The NRPT can be configured to require or not require validation for specific segments of your namespace. For example, you might use a conditional forwarder to disable DNSSEC validation as described in the "Managing validation" section of DNS Clients. Using this design, you can implement a conditional forwarder that directs client computers to an external, unsigned domain for a specific namespace, such as an FQDN. If the forwarded name is within a signed namespace in your organization, validation might be required unless you specifically disable it for that FQDN.

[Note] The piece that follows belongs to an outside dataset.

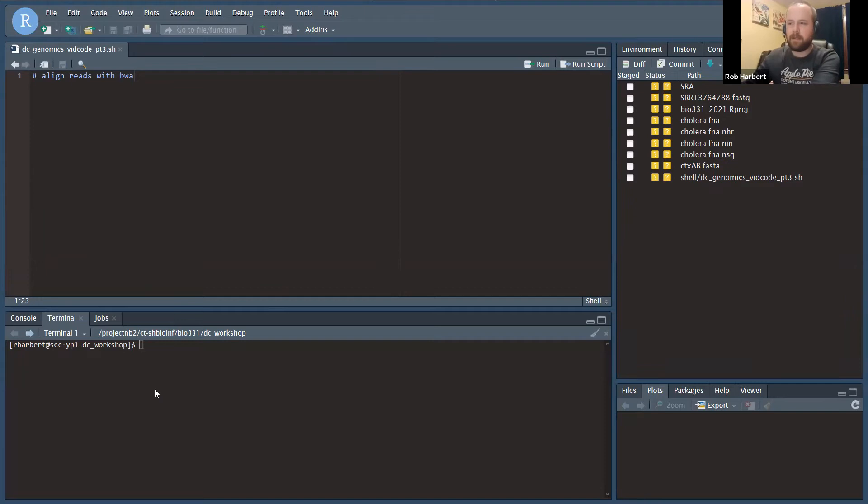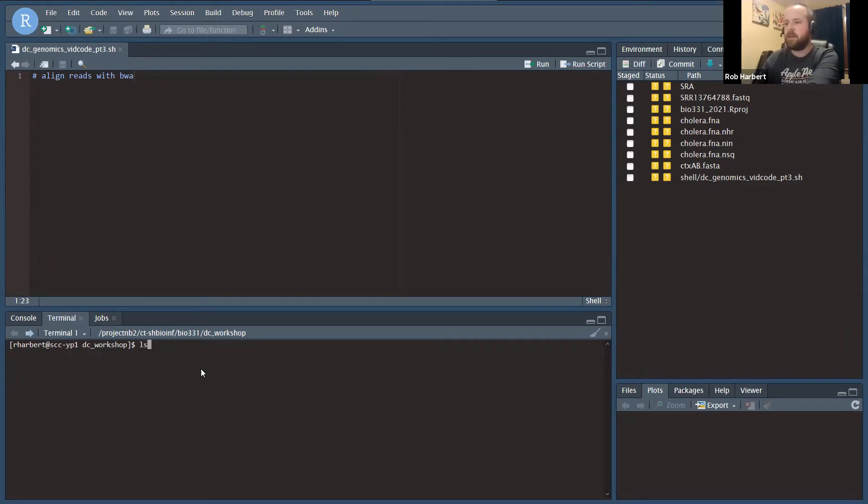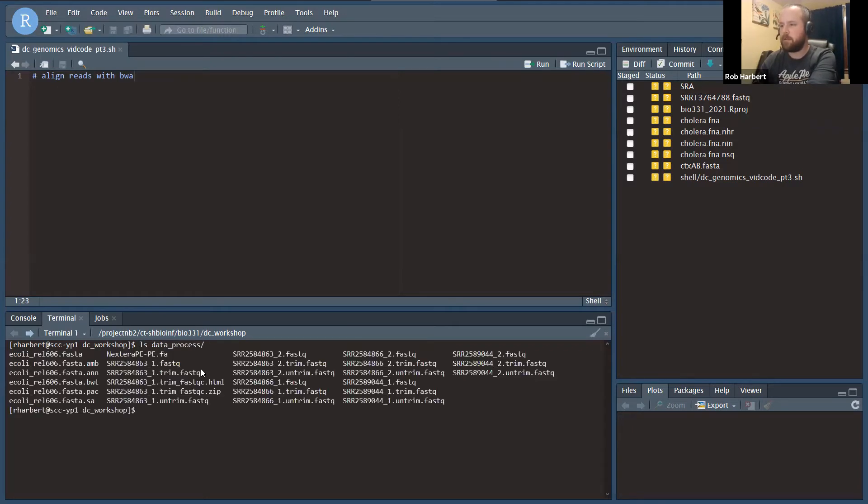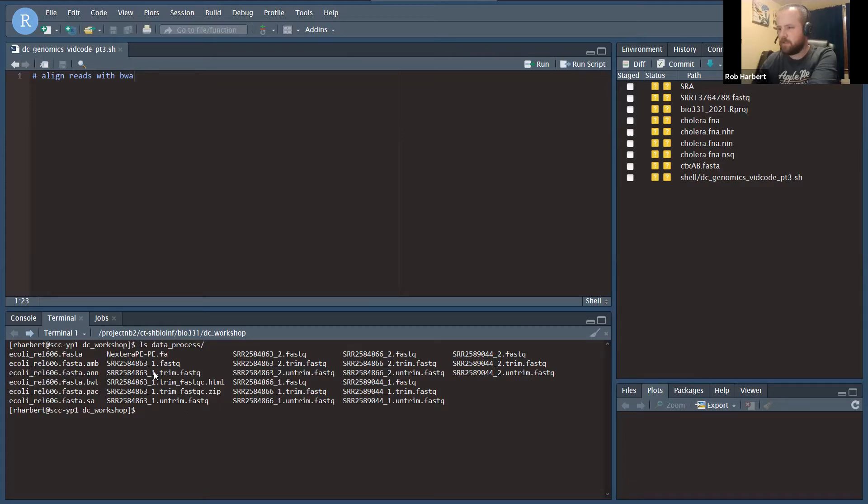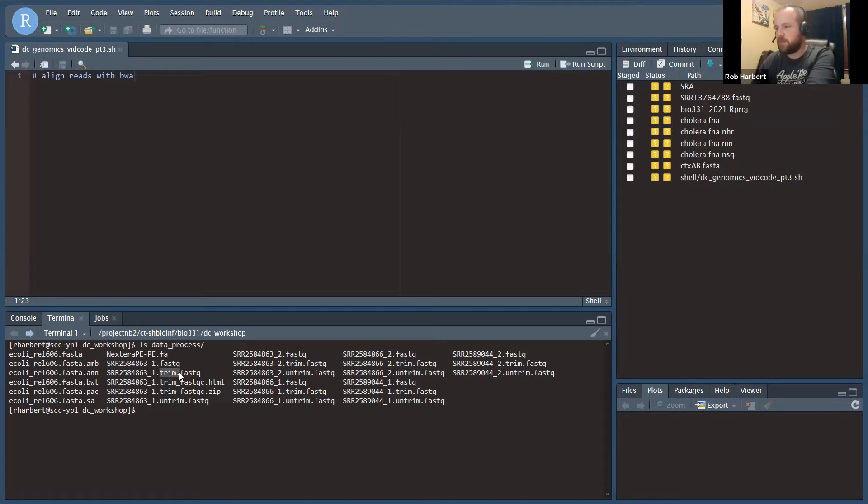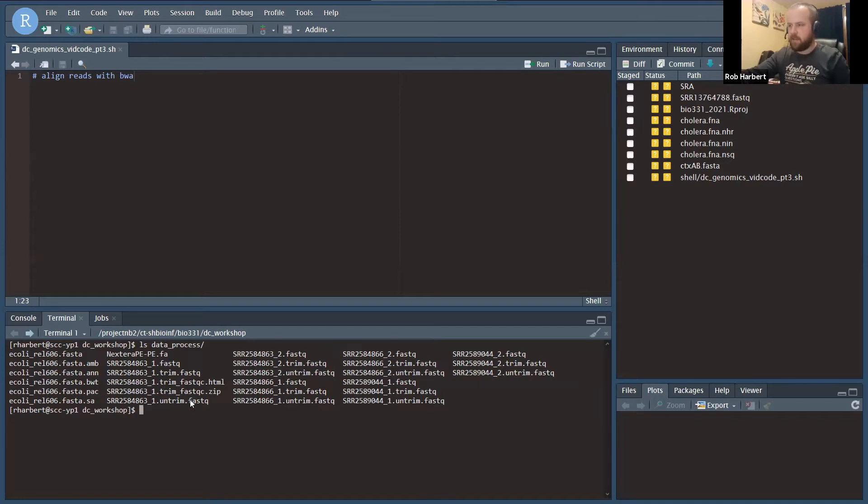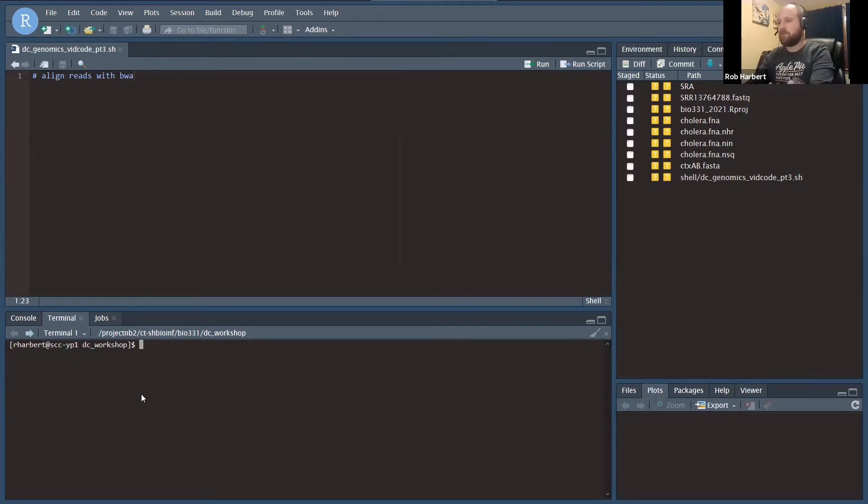Last time we ran Trim-O-Matic and trimmed our reads in a folder called data process. You might recall we have our original FASTQ files for each of our six FASTQ files, three samples, and now we have trim.FASTQ and untrim.FASTQ. We're going to work with the trim.FASTQ files today for aligning to our reference genome.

For example, assume that you have signed an internal domain, contoso.com and you also have an external website www.contoso.com that is not signed. In this scenario, the internal and external domains use different authoritative servers. A conditional forwarder is used to resolve the name www.contoso.com. The NRPT can be configured as follows to ensure client computers are able to reach the external website without requiring DNSSEC validation:
| Name | Conditional forwarder | DNSSEC-enabled | Validation required |
|---|---|---|---|
| contoso.com | none | √ | √ |
www.contoso.com |
208.84.0.53 | X | X |
In this example, other names within the contoso.com namespace, such as finance.contoso.com, will still require validation because they do not match the NRPT FQDN rule for www.contoso.com.
Filter NRPT policy
By default, new domain-linked Group Policy Objects (GPOs) apply to the Authenticated Users group. You can apply NRPT policy to selected groups, users, and computers by removing the Authenticated Users group from Security Filtering and then adding a custom user, group, or computer. See the following example.
.jpeg)
In this example, a new GPO is created named NRPT_settings. This GPO only applies to the computer CLI1 using security filtering.
View NRPT policy
You can use the Get-DnsClientNrptPolicy cmdlet to view NRPT policies. See the following example.
PS C:\> Get-DnsClientNrptPolicy -Effective
Namespace : .contoso.com
QueryPolicy : QueryIPv6Only
SecureNameQueryFallback : FallbackPrivate
DirectAccessIPsecCARestriction :
DirectAccessProxyName :
DirectAccessDnsServers :
DirectAccessEnabled : False
DirectAccessProxyType :
DirectAccessQueryIPsecEncryption :
DirectAccessQueryIPsecRequired :
NameServers :
DnsSecIPsecCARestriction :
DnsSecQueryIPsecEncryption :
DnsSecQueryIPsecRequired : False
DnsSecValidationRequired : False
NameEncoding :
Namespace : .secure.contoso.com
QueryPolicy : QueryIPv6Only
SecureNameQueryFallback : FallbackPrivate
DirectAccessIPsecCARestriction :
DirectAccessProxyName :
DirectAccessDnsServers :
DirectAccessEnabled : False
DirectAccessProxyType :
DirectAccessQueryIPsecEncryption :
DirectAccessQueryIPsecRequired :
NameServers :
DnsSecIPsecCARestriction :
DnsSecQueryIPsecEncryption :
DnsSecQueryIPsecRequired : False
DnsSecValidationRequired : True
NameEncoding :
The Get-DnsClientNrptPolicy cmdlet gets policy that applies to the local computer. In this example, the output indicates that DNSSEC validation is required for *.secure.contoso.com, and is not required for *.contoso.com.